“The proposed network is able to predict poses and global locations for multiple pedestrians simultaneously for pedestrians up to 45 meters from the cameras,” the researchers stated in their paper.
The work focuses on two aspects that are key to accelerating research in this field; predicting a full-body 3D mesh and doing so for multiple people simultaneously within an urban-intersection environment, and predicting or forecasting 3D pedestrian pose and location in future frames of a sequence.
A person’s body language can deliver valuable insights about what they might do. Are they looking over their shoulder, or are they looking back to turn around? Are they signaling to someone in the car, or looking at someone on the other side of the road?

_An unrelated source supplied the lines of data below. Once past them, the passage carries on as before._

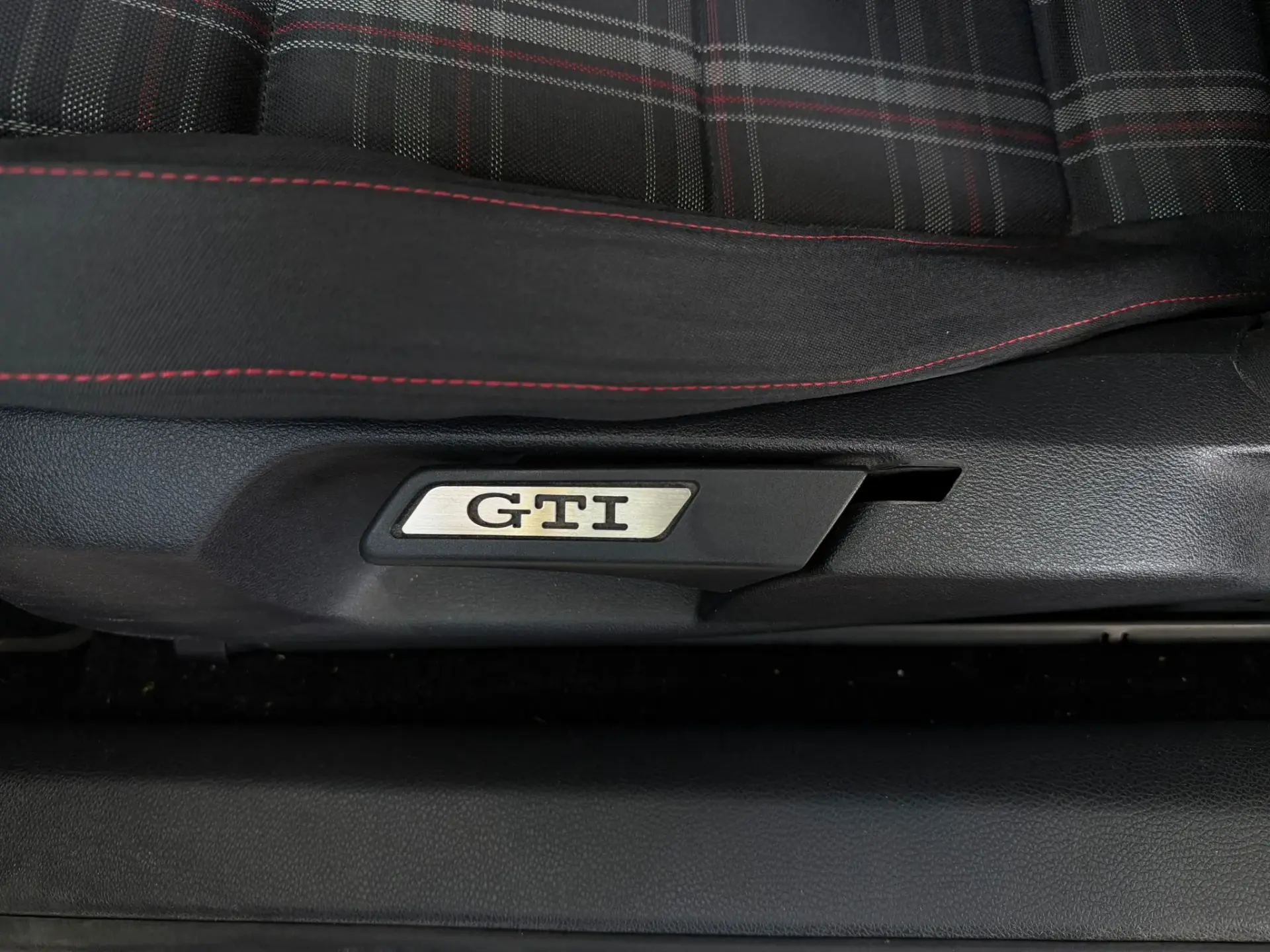 Volkswagen Golf 2.0 TSi GTI 11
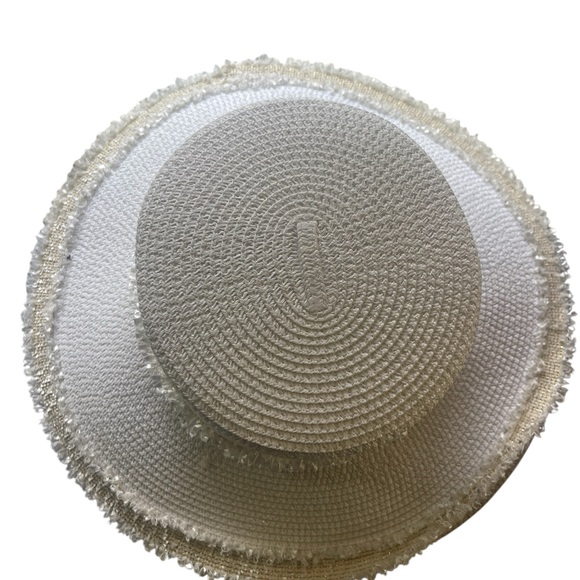 Straw edge rose band sun hat - Picture 3 of 5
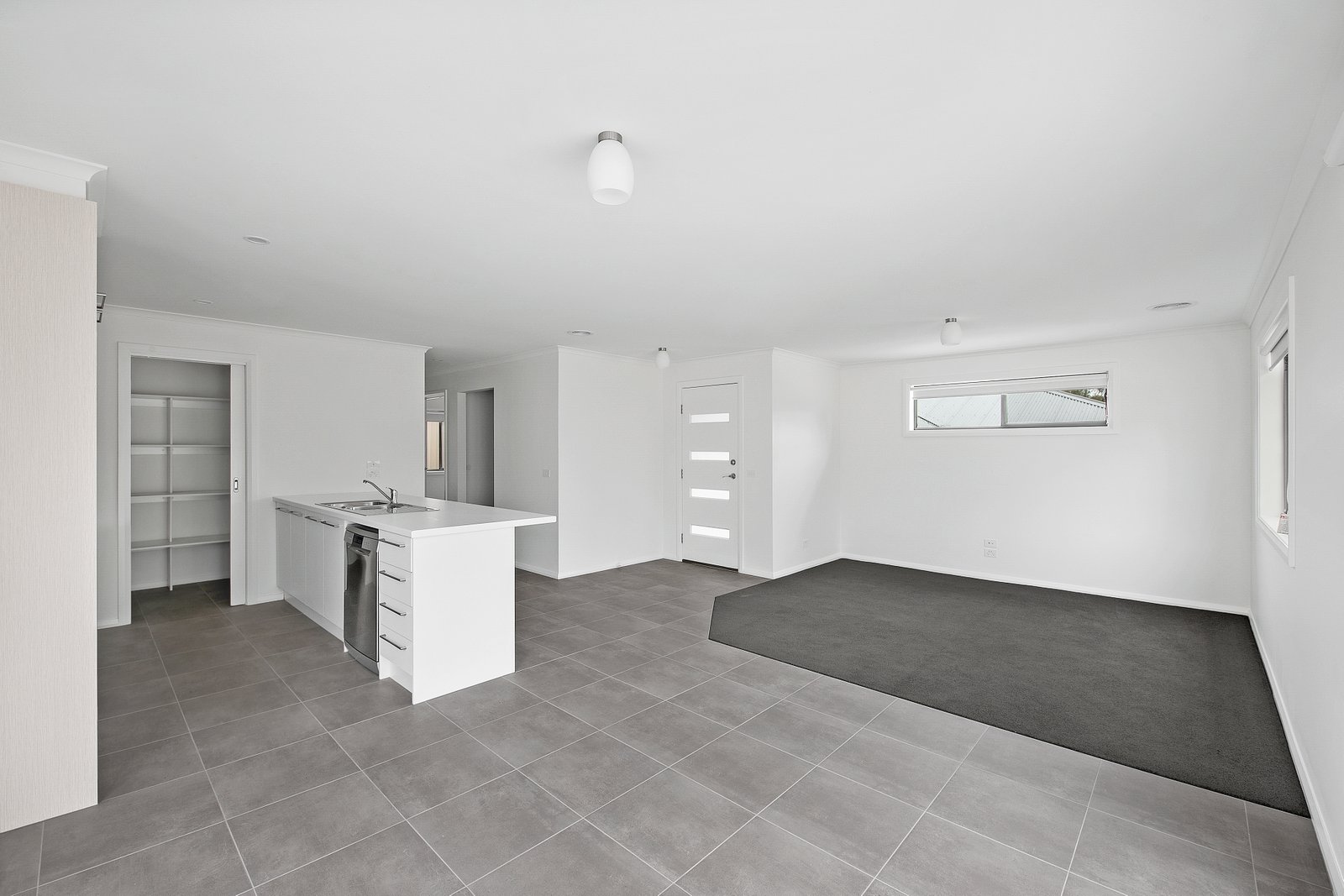 Gallery: 3/24 Shakespeare Avenue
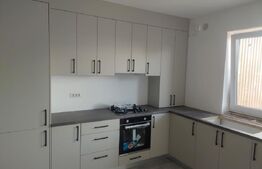 Apartament 3 camere, etaj intermediar, Radauti
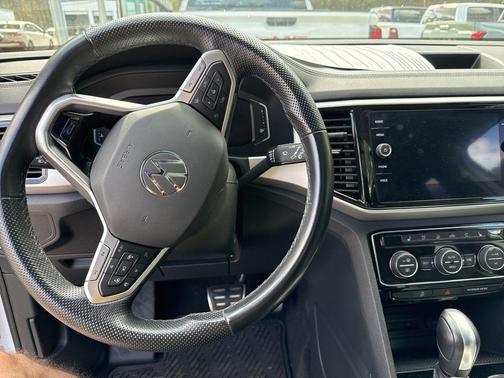 2021 Volkswagen Atlas 3.6L SEL Premium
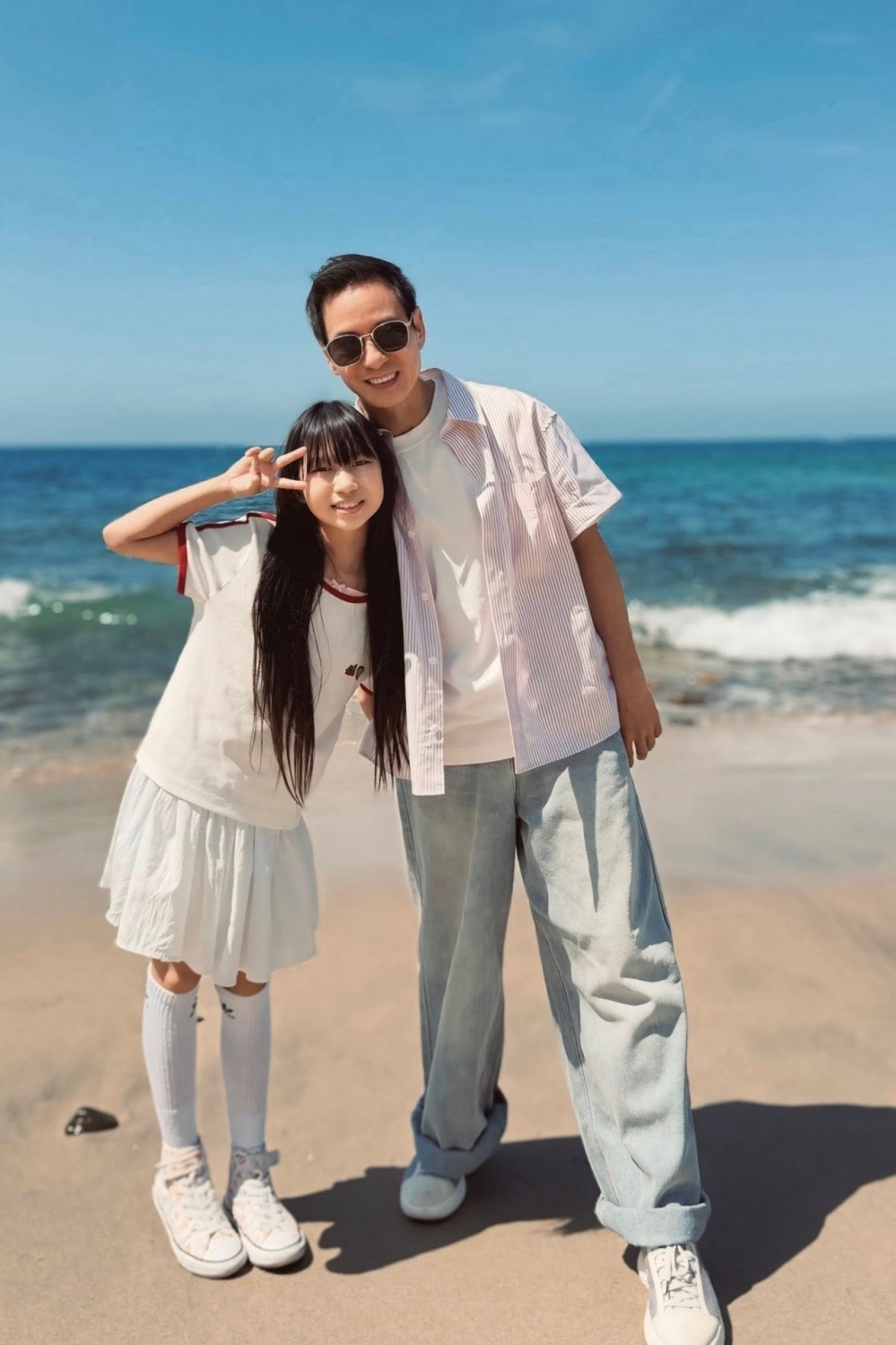 Cherry, 13 tuổi, cũng được cha dìu dắt với một số vai nhỏ. Minh Hà cho biết con gái năng động, sống tình cảm, thích học nhảy, từng cùng bạn đoạt giải A trong một cuộc thi vũ đạo tại trường.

The researchers hope that by designing a computer vision system that understands subtle cues in human behavior, they can develop a more robust computer vision system for robotics and autonomous vehicles.
For training, the team used two NVIDIA TITAN X GPUs, with the cuDNN-accelerated Keras deep learning framework, to train a bio-LSTM neural network on the PedX dataset which includes real intersections in Ann Arbor, Michigan, and a separate evaluation dataset captured in a controlled outdoor environment a with motion capture system.
For inference, the team also uses the GPUs. “Our proposed network was implemented in Python 3.6. With the current unoptimized code, the prediction takes approximately 1ms for each person in each frame.
The researchers say they will expand their work to include real-time motion capture in autonomous vehicle applications.